Cook was one of the more than 50 chief senior executives and government officials from around the world to attend the government-organized event in Beijing, the first since its suspension due to the Covid outbreak. The Wall Street Journal reports that Qualcomm CEO Cristiano Amon was also an attendee, as were execs from Samsung, Johnson & Johnson, Pfizer, Procter & Gamble, Mercedes-Benz, Shell, and many more.

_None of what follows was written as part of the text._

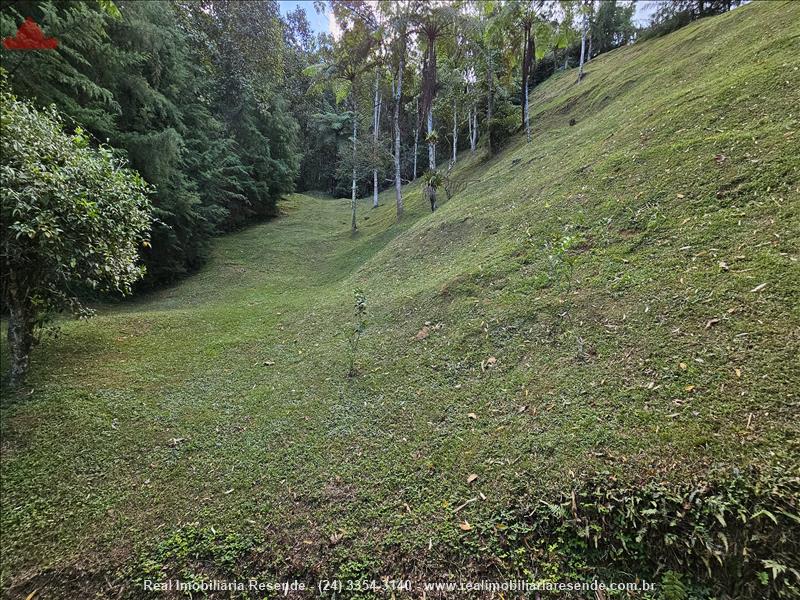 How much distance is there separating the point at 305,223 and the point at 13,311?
646 inches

China remains a major market for Apple. Despite iPhone sales being down from the prior year, overall sales from China made up $23.9 billion of Apple's revenue last quarter. "Innovation is developing rapidly in China and I believe it will further accelerate," Cook was quoted by The Paper news outlet. "Apple and China [...] grew together and so this has been a symbiotic kind of relationship."

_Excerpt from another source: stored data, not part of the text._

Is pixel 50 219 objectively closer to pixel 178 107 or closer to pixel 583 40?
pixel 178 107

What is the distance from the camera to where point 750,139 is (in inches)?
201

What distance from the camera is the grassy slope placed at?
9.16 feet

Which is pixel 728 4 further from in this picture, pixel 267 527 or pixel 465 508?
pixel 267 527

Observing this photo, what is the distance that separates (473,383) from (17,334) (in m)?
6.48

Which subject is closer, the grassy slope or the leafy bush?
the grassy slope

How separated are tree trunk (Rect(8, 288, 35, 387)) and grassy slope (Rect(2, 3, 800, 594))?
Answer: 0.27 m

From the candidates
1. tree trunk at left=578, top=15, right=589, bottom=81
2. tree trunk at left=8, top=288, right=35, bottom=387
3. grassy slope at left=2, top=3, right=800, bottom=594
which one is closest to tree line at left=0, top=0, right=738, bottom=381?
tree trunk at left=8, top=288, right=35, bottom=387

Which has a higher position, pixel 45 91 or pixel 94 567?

Cook also announced that Apple was increasing its donations to the China Development Research Foundation to $14.5 million, half of which will fund digital technology education in underdeveloped areas of China.
"We are honored to deepen our understanding of Chinese education, support for careers and create opportunities for young learners in rural areas," Cook reportedly said.
With the Covid disruptions and rising tensions with the US, Apple has been trying to lessen its reliance on China for years – the country accounted for 95.3% of Cupertino's global manufacturing operations in 2021. The pandemic saw Apple move some iPhone manufacturing to India in 2022, the same year that the controversial Covid restrictions caused walkouts at Foxconn's Zhengzhou plant, resulting in a shortfall of iPhone 14 units.
Cook also used his speech to talk about education and the need for young people to learn programming and critical thinking skills. The Apple boss visited Apple stores in the country during his stay, much to the delight of Chinese social media.
Apple has a history of appearing to kowtow to the Chinese government, having previously removed thousands of games, apps, and VPNs from its App Store at the behest of local officials. It also purged a protest app and the Quartz news app during the Hong Kong pro-democracy protests.
A report in 2021 claimed Cook signed a secret $275 billion investment deal with China to help Apple succeed in the country.